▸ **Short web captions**

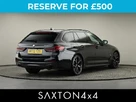 2022-bmw-5-series-20td-520d-m-sport-mhtpro-pack-touring-5d-small-24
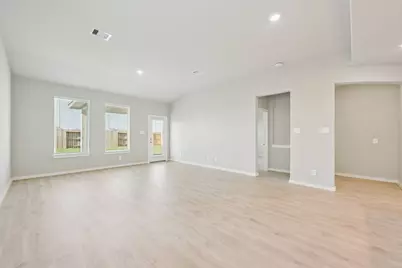 29015 Farmhouse Estates Drive, Waller, TX 77484 - Photo 14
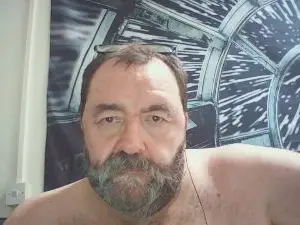 Cam4 Sex Cam of xizorsexy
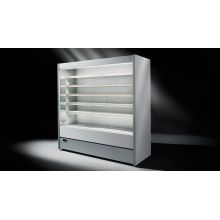 Chlazená vitrína Criocabin ENEOS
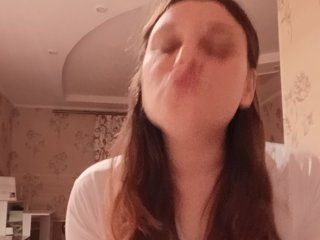 Tatiana-zlove28 Porn Show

▸ **About this task**
Where pictures appear, omit them, and transcribe exactly, with nothing else, the lines from the line with "Cam4 Sex Cam of xizorsexy" through the final line of the records above, both ends included.

▸ **Your solution**
 Cam4 Sex Cam of xizorsexy
 Chlazená vitrína Criocabin ENEOS
 Tatiana-zlove28 Porn Show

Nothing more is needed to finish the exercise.